Cost savings may be discovered along the way, too. Verification can be sped up by having a good lineage already available. Errors like duplication are more likely to be discovered and to be found sooner, ultimately improving both the quality and speed of a process. If a data set is outdated, it will be more evident based on its lineage.
Talking about data lineage in the abstract is one thing. Implementing sensible and practical policies is another.

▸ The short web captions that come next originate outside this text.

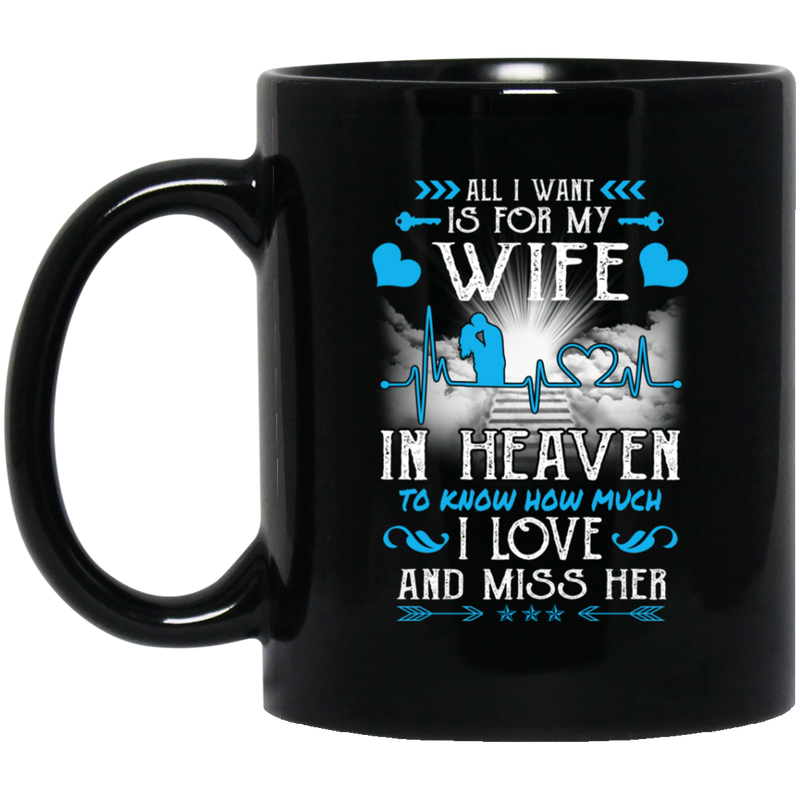 Guardian Angel Mug All I Want Is For My Wife In Heaven To Know How Much I Love And Miss Her 11oz - 15oz Black Mug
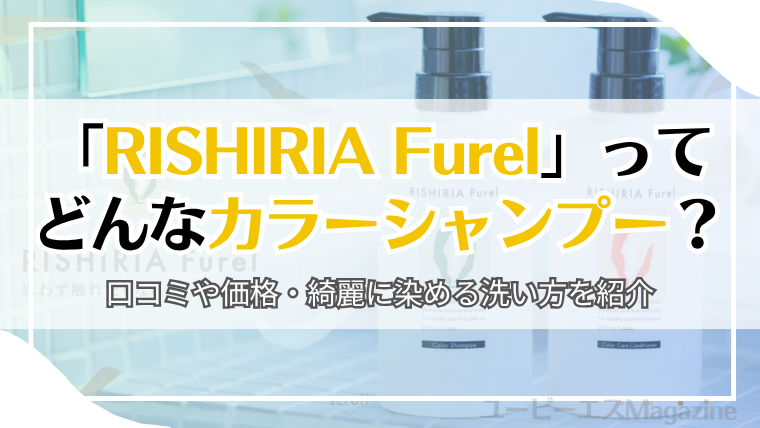 「RISHIRIA Furel」ってどんなカラーシャンプー？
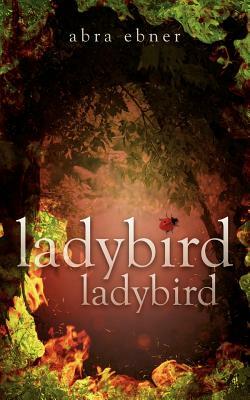 Ladybird, Ladybird: Andrea Howe by Abra Ebner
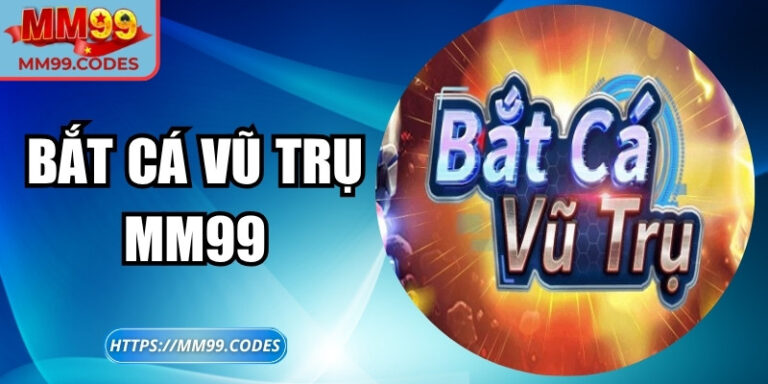 Bắt Cá Vũ Trụ MM99 – Chinh phục không gian giải trí mới lạ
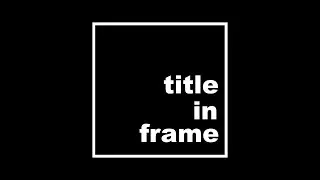 After Effects Tutorial - Create video title coming into a frame (with Radial Wipe)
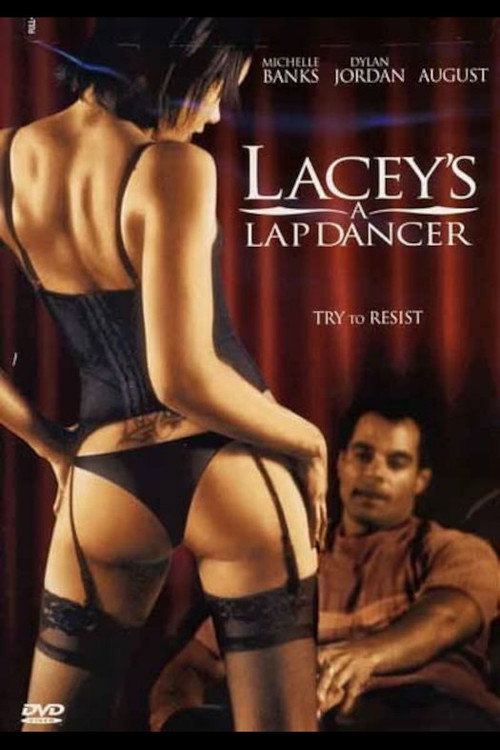 Lacey's A Lapdancer — постер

Just as data analytics demands a number of particular cultural changes within an organization, caring about lineage takes that one step further. It entails being able to:
- Document where all the company’s data came from
- Account for who has used it and how
- Explain why certain use cases were explored
- Vouch for the governance of the data with a high level of confidence
At a technical level, databases have to be configured to make tracking lineage possible. Data architecture takes on new meaning under these circumstances, and systems have to be designed from the start with lineage in mind. This can often be a major undertaking when confronting banks of older data. If it’s implemented in the acquisition and use of new data, though, it can save a ton of headaches.
Tracking the lineage of a company’s data allows it to handle a wide array of tasks more professionally and competently. This is especially the case when pulling data from outsides sources, particularly when paying for third-party data. Not only is caring about lineage the right thing to do, but it also has a strong business case to back it up.